Phase 3 - Exploratory Data Analysis


3.1 Sentiment Analysis


Sentiment Analysis using the NLTK Vader sentiment library breaks down the positivity and negativity of a corpus using a predetermined list of positive and negative words.


Looking at the spread across the two subreddits doesn't show much of a change in overall positivity or negativity of sentiment between the two main categories, so this might not be a useful measurement to include in our final model.

3.2 Word Count / N-Gram Analysis


We can also take a look at the variation between the length of the titles to see if we have a split between the two categories there.


A histogram of the length of title by word count of the r/bestoflegaladvice titles are showing a flatter curve and greater overall distribution than r/legaladvice, which is showing a positive skew. In other words- the title length in the r/legaladvice subreddit has a tendency to be shorter- with most titles below the 40 word mark.



When looking at a scatterplot of compound sentiment score compared to word count by subreddit, we can see that the r/legaladvice subreddit' posts are clustered mostly on the smaller word count end and the r/bestoflegaladvice subreddit is spread out. While we do not see a trend in the sentiment, we do see that the r/bestoflegaladvice subreddit's titles tend to have more words. This spread is fairly normal, as VADER's compound sentiment scores include statement length in their calculations.


If we look at what words specifically are included, we start to see some patterns. Looking at single words, the top words remain mostly static across the two categories.


Once we start looking at bigrams - sets of two words- we see some common patterns begin to emerge.

All right! We're seeing significant divergence here in the most common bigrams across the two subreddits. This is promising for training a good model. Additionally, we're seeing that the most common bigrams from r/bestoflegaladvice are much more common than r/legaladvice. That being said, I'm seeing a very common tag popping up- 'LAOP' In the context of r/bestoflegaladvice, this means 'Legal Advice Original Post'. Additionally, the most common bigram overall is 'actual title'.


While these two points are highly useful in building a classifier based on title alone, they might get in the way of longer term goals of building a predictor of which posts in r/legaladvice will become r/bestoflegaladvice.


Phase 4 - Modeling


The modeling notebook on my github account contains all of the models tested as well as annotations. For the purposes of this summary we're bringing in only the best option- the Multinomial Naive Bayes.

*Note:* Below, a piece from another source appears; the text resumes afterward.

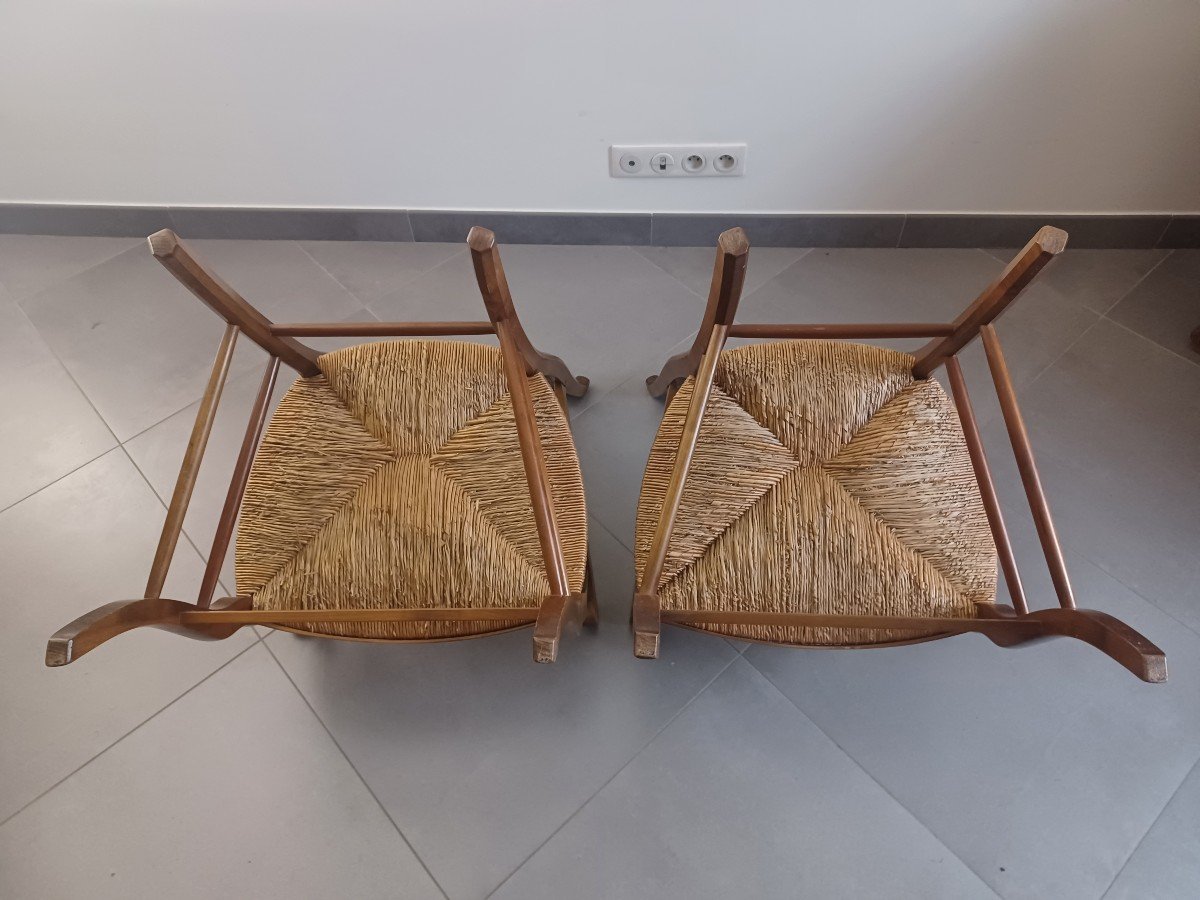 Paire De Fauteuil En Merisier-photo-2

cvec_mnnb_pipe = Pipeline([
    ('cvec', CountVectorizer()),
    ('mnnb', MultinomialNB())
])

cvec_mnnb_pipe_params = {
    'cvec__stop_words' : [None],
    'cvec__max_features' : [4000],
    'cvec__min_df' : [2],                 
    'cvec__max_df' : [.8],                
    'cvec__ngram_range' : [(1, 1) 
}
cvec_mnnb_gs = GridSearchCV(cvec_mnnb_pipe, cvec_mnnb_pipe_params, cv = 5, verbose = 1, n_jobs = -2)

cvec_mnnb_gs.fit(X_train, y_train)
cvec_mnnb_gs.score(X_train, y_train), cvec_mnnb_gs.score(X_test, y_test)

Phase 5 - Model Analysis


5.1 Model Selection


Prior to settling on the Naive Bayes I also looked at a variety of combinations of word vectorizers and model types:

While the K-Nearest Neighbors model dramatically outperformed all the others on the training dataset, it dramatically underperformed on the testing data-- meaning it can not handle new data well. The best options per the chart above in terms of training and testing accuracy that maintain a low variation between the two are the Naive Bayes and the Random Forest models.



The above confusion matrix is a method for examining which titles the model predicted correctly and which ones they misclassified. Out of the 2500 holdout testing titles that the model examined, it missed only 302. That's not bad.


5.2 Digging into misclassified Titles


So let's take a look at what I got wrong.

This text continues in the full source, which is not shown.